(Data to process begins)

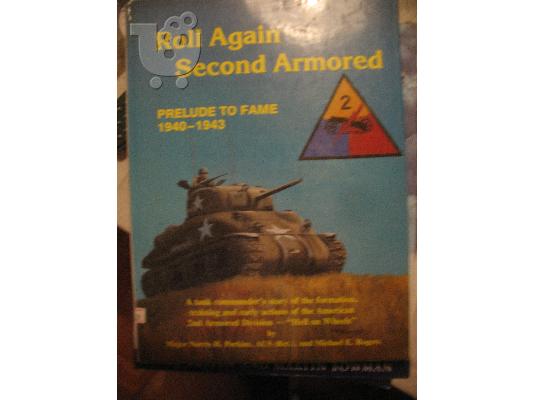 PoulaTo: Roll Again Second Armoured - Prelude to Fame 1940 - 1943
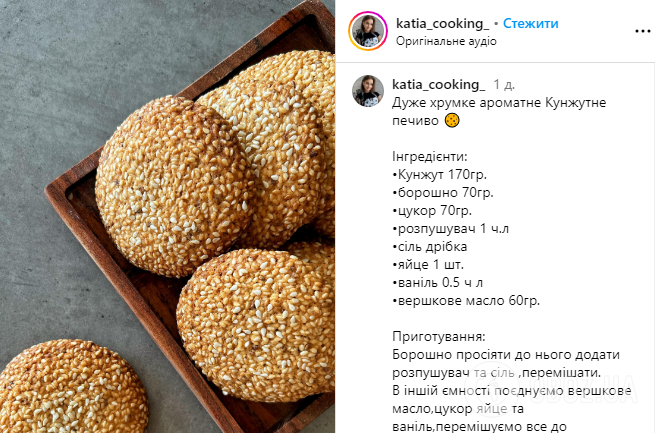 Кунжутное печенье за 15 минут: очень вкусное и ароматное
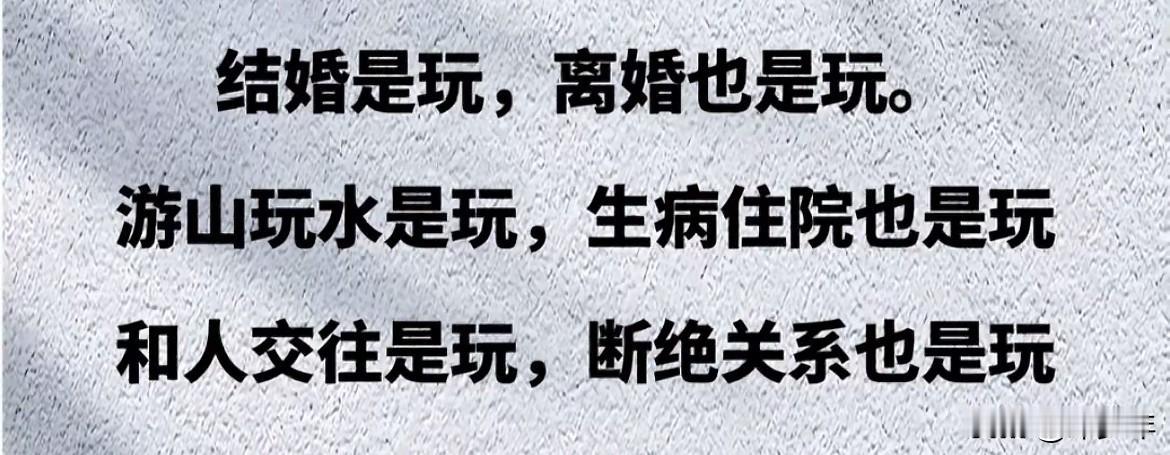 我认为可以！！没领证，彩礼原则上是可以要回来的。根据法律规定，双方未办理结婚登记
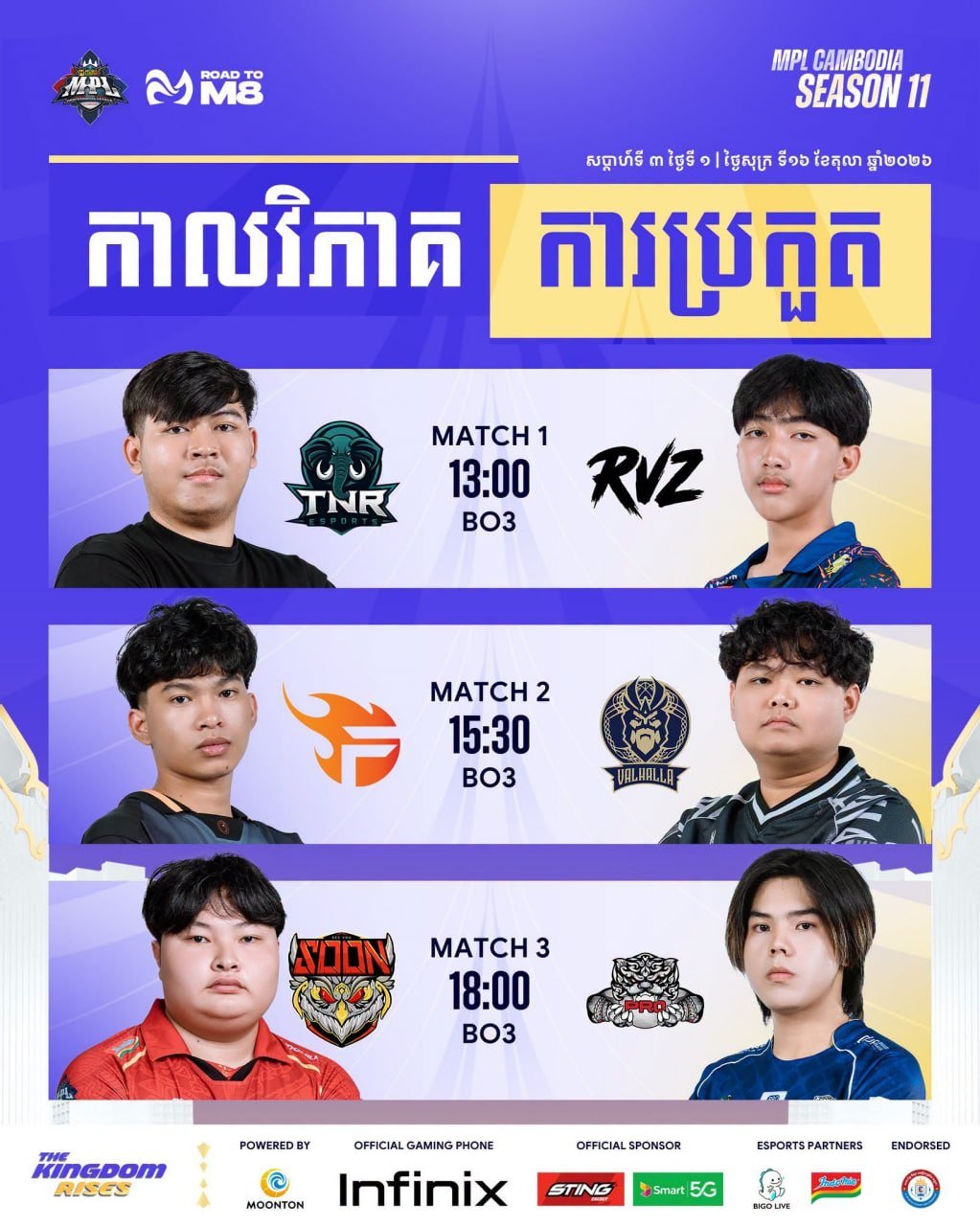 MPL柬埔寨联赛第11赛季第3周赛事开启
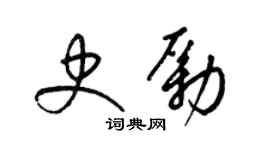 梁錦英史勵草書個性簽名怎么寫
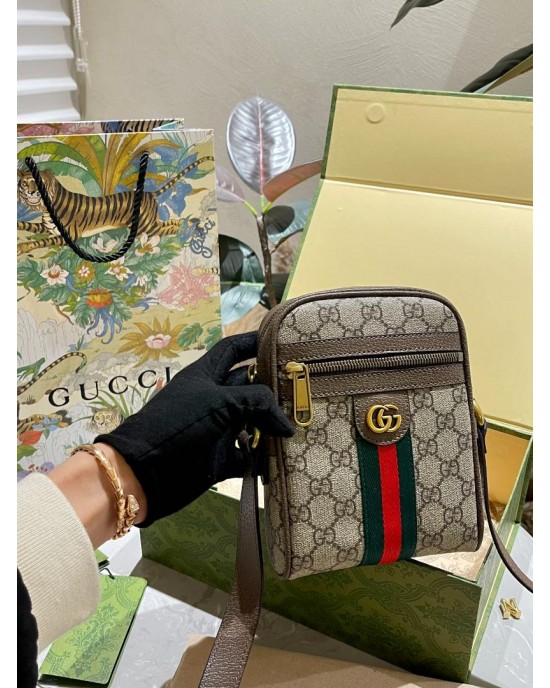 תיק גוצי צד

(Data to process ends)

### Activity:
An exact copy of every entry above is needed, with the pictures left out.

### Final answer:
 PoulaTo: Roll Again Second Armoured - Prelude to Fame 1940 - 1943
 Кунжутное печенье за 15 минут: очень вкусное и ароматное
 我认为可以！！没领证，彩礼原则上是可以要回来的。根据法律规定，双方未办理结婚登记
 MPL柬埔寨联赛第11赛季第3周赛事开启
 梁錦英史勵草書個性簽名怎么寫
 תיק גוצי צד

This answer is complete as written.